Customers with solar have a net metering agreement. In 2026, we are exploring options to update how solar customers interact with our grid and help us provide reliable electricity to our community.
What is net metering?
Net metering lets customers receive credits for solar energy they generate from their own panels that isn’t used right away. The credits are kilowatt hours (kWh) that are used from the electric grid at a later time. Credits are typically used at night when solar panels aren’t generating, and surplus credits from summer can carry over into the winter.
What’s the challenge?
Today, about 11,000 customers have solar and exchange energy with our grid.

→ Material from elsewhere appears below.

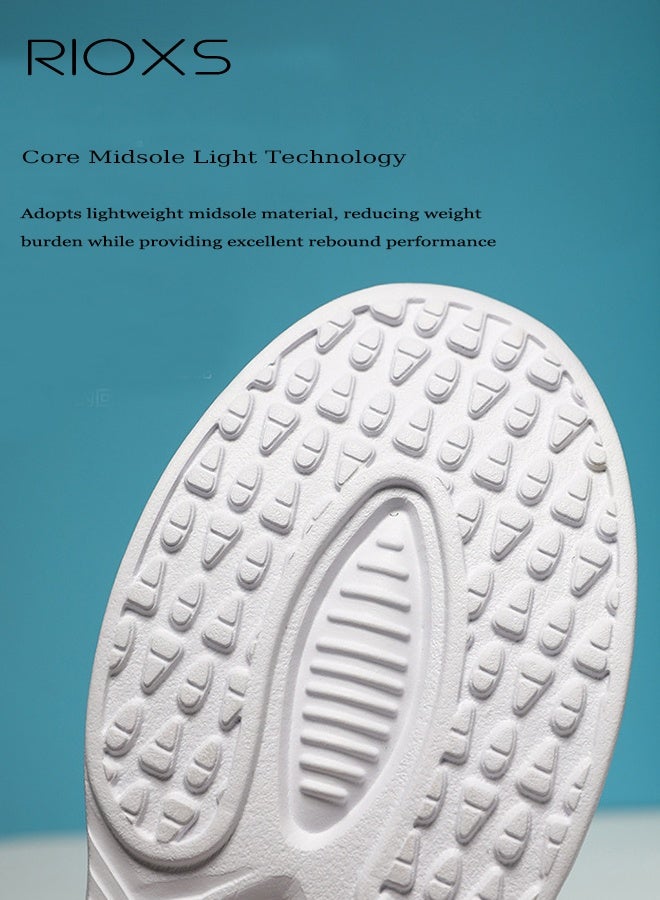 ريوكس أحذية جري للجنسين، أحذية رياضية خفيفة الوزن ومضادة للانزلاق للرجال والنساء، أحذية رياضية شبكية غير رسمية قابلة للتنفس، أحذية مشي ناعمة ومريحة برباط، أحذية رياضية للجري والتمارين الرياضية واللياقة البدنية والمشي لمسافات طويلة وصيد الأسماك والارتداء اليومي - Image 5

Under current rates, the cost related to serving solar customers is not fully reflected.
This has caused a growing cost shift between solar and non‑solar customers, which is important to address thoughtfully and with community input.
What is being proposed?
The conversation is not about whether solar is valuable. Rather, it's about aligning rates with how our community's electric system works, so costs are shared in a way that is fair, predictable and sustainable for the entire community.
Five-year grandfathering
Customers with net metering agreements dated before April 1, 2027, will transition to the new net metering rates on April 1, 2032.
Increase in eligible system size from 120% to 200%
With a modernized net metering rate, solar system sizes have more flexibility. We are proposing to increase the cap on system sizes to 200%.
Two rate options
Customers choose which rate option makes the most sense for them.